Unfortunately there is a codegen issue with this patch. Since the Instruction would no longer have an old operand, we couldn't create the DPP version (See GCNDPPCombine.cpp:244). I have just pushed a test for that 50dfd3e9e4930834c3c77a289000fd57bbc16727

dp added a comment.Sep 30 2022, 10:35 AM

Unfortunately there is a codegen issue with this patch. Since the Instruction would no longer have an old operand, we couldn't create the DPP version (See GCNDPPCombine.cpp:244). I have just pushed a test for that 50dfd3e9e4930834c3c77a289000fd57bbc16727

So for _e64_dpp we need both old and src2 and both these operands must be tied to dst, correct?

In D134961#3827685, @dp wrote:

Unfortunately there is a codegen issue with this patch. Since the Instruction would no longer have an old operand, we couldn't create the DPP version (See GCNDPPCombine.cpp:244). I have just pushed a test for that 50dfd3e9e4930834c3c77a289000fd57bbc16727

So for _e64_dpp we need both old and src2 and both these operands must be tied to dst, correct?

Yes, it seems that would be correct to me.

The FIXME hints the presence of src2 at all is a hack, but I'm not sure how practical it is to remove src2 completely.

dp added a comment.Sep 30 2022, 1:08 PM

Unfortunately there is a codegen issue with this patch.

It looks like we have never supported dpp variants of MAC and FMAC opcodes in codegen. e32 dpp definitions also lack $old argument. See https://github.com/llvm/llvm-project/blob/2812a1413f19b9ebd954b57ecbd021656508eade/llvm/lib/Target/AMDGPU/VOP2Instructions.td#L417

dp added a comment.Oct 3 2022, 4:19 AM

So for _e64_dpp we need both old and src2 and both these operands must be tied to dst, correct?

Yes, it seems that would be correct to me.

After a bit of digging I found that we cannot tie more than one operand to another. See https://github.com/llvm/llvm-project/blob/2812a1413f19b9ebd954b57ecbd021656508eade/llvm/utils/TableGen/CodeGenInstruction.cpp#L372
I believe it is the reason why codegen does not support dpp variants of MAC and FMAC opcodes.

If I understand the current state: e32 dpp is not creatable but is assemblable, e64 dpp is creatable but not assemblable. Perhaps a way to fix _e64 is in the asmParser in cvtVOP3DPP ~L8900? I think it's treating the operand as src2 when it is actually the old operand.

dp added a comment.Oct 3 2022, 7:22 AM

If I understand the current state: e32 dpp is not creatable but is assemblable, e64 dpp is creatable but not assemblable.

Correct.
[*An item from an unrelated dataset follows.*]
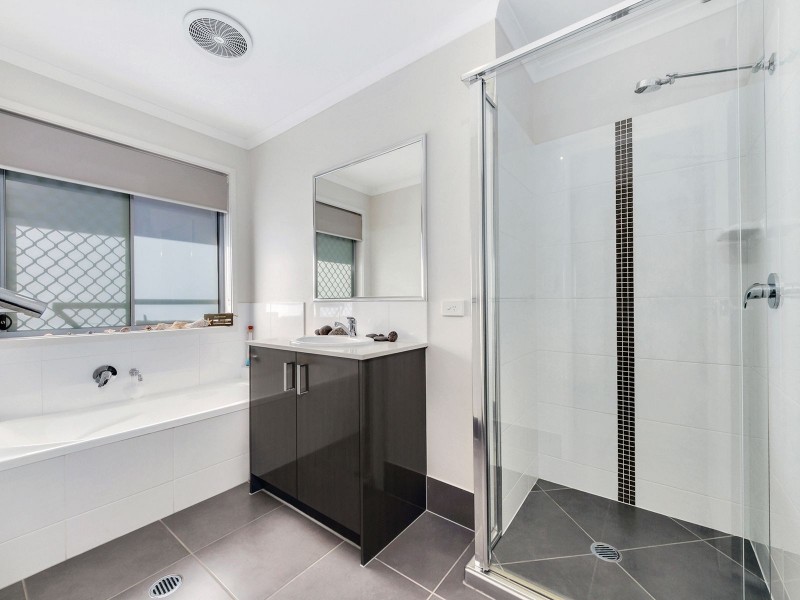 50 Lennon Boulevard, Narangba QLD 4504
I'm not sure e64 dpp is creatable but at least it has $old operand.

Perhaps a way to fix _e64 is in the asmParser in cvtVOP3DPP ~L8900? I think it's treating the operand as src2 when it is actually the old operand.

cvtVOP3DPP incorrectly handles $old because it is not tied to $dst.

It seems possible to change cvtVOP3DPP to handle v_fmac opcodes correctly. But if we go that way, $src2 will be tied to $dst, but $old will be present but not tied. Is this acceptable?

In D134961#3830721, @dp wrote:

If I understand the current state: e32 dpp is not creatable but is assemblable, e64 dpp is creatable but not assemblable.

Correct. I'm not sure e64 dpp is creatable but at least it has $old operand.

Perhaps a way to fix _e64 is in the asmParser in cvtVOP3DPP ~L8900? I think it's treating the operand as src2 when it is actually the old operand.

cvtVOP3DPP incorrectly handles $old because it is not tied to $dst.

It seems possible to change cvtVOP3DPP to handle v_fmac opcodes correctly. But if we go that way, $src2 will be tied to $dst, but $old will be present but not tied. Is this acceptable?

I believe it is actually that way currently in main. And it seems to work in GCNDPPCombine at least. Though I have not strongly tested it, maybe it's wasting a register? @rampitec

Tablegen dump yields :
def V_FMAC_F32_e64_dpp

...
dag InOperandList = (ins anonymous_9483:$old ...
...
string Constraints = "$vdst = $src2";
string DisableEncoding = "$src2";
In D134961#3830721, @dp wrote:

If I understand the current state: e32 dpp is not creatable but is assemblable, e64 dpp is creatable but not assemblable.

Correct. I'm not sure e64 dpp is creatable but at least it has $old operand.

Perhaps a way to fix _e64 is in the asmParser in cvtVOP3DPP ~L8900? I think it's treating the operand as src2 when it is actually the old operand.

cvtVOP3DPP incorrectly handles $old because it is not tied to $dst.

It seems possible to change cvtVOP3DPP to handle v_fmac opcodes correctly. But if we go that way, $src2 will be tied to $dst, but $old will be present but not tied. Is this acceptable?

I believe it is actually that way currently in main. And it seems to work in GCNDPPCombine at least. Though I have not strongly tested it, maybe it's wasting a register? @rampitec

Tablegen dump yields :
def V_FMAC_F32_e64_dpp

...
dag InOperandList = (ins anonymous_9483:$old ...
...
string Constraints = "$vdst = $src2";
string DisableEncoding = "$src2";

Do we really need both? src2 and old are basically the same thing here.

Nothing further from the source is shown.